**What you are asked to do**
Reproduce the data exactly and drop any pictures it holds.

**Supplied records**
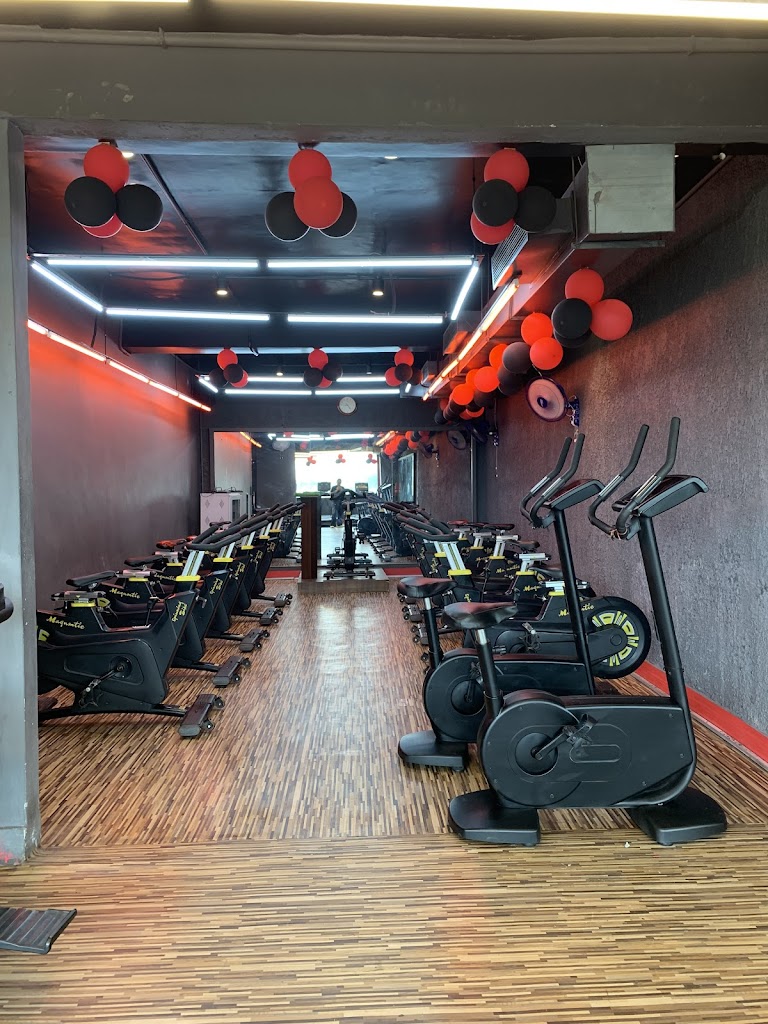 Fitlab Gym Spa
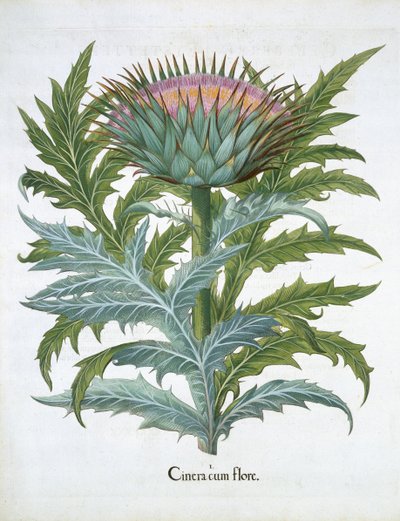 Cardoon，来自Basil Besler（1561-1629）的Hortus Eystettensis，酒吧。 1613（手工彩色雕刻） 作者 德国学校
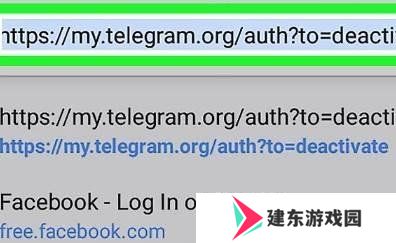 纸飞机telegraph(官网版)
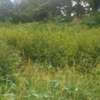 1.36 Acres for Sale in Lavington Nairobi Kenya thumb 3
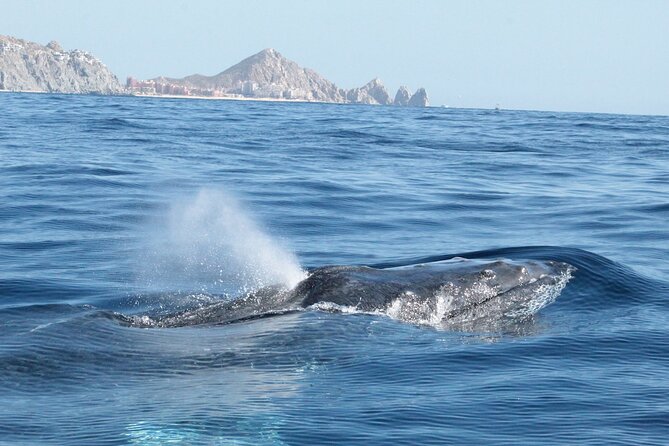 Whale Watching Zodiac in Cabo San Lucas With Comp Transportation - Traveler Experience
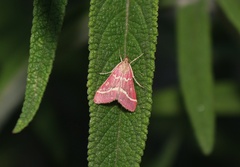 Pyrausta volupialis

**Answer area**
 Fitlab Gym Spa
 Cardoon，来自Basil Besler（1561-1629）的Hortus Eystettensis，酒吧。 1613（手工彩色雕刻） 作者 德国学校
 纸飞机telegraph(官网版)
 1.36 Acres for Sale in Lavington Nairobi Kenya thumb 3
 Whale Watching Zodiac in Cabo San Lucas With Comp Transportation - Traveler Experience
 Pyrausta volupialis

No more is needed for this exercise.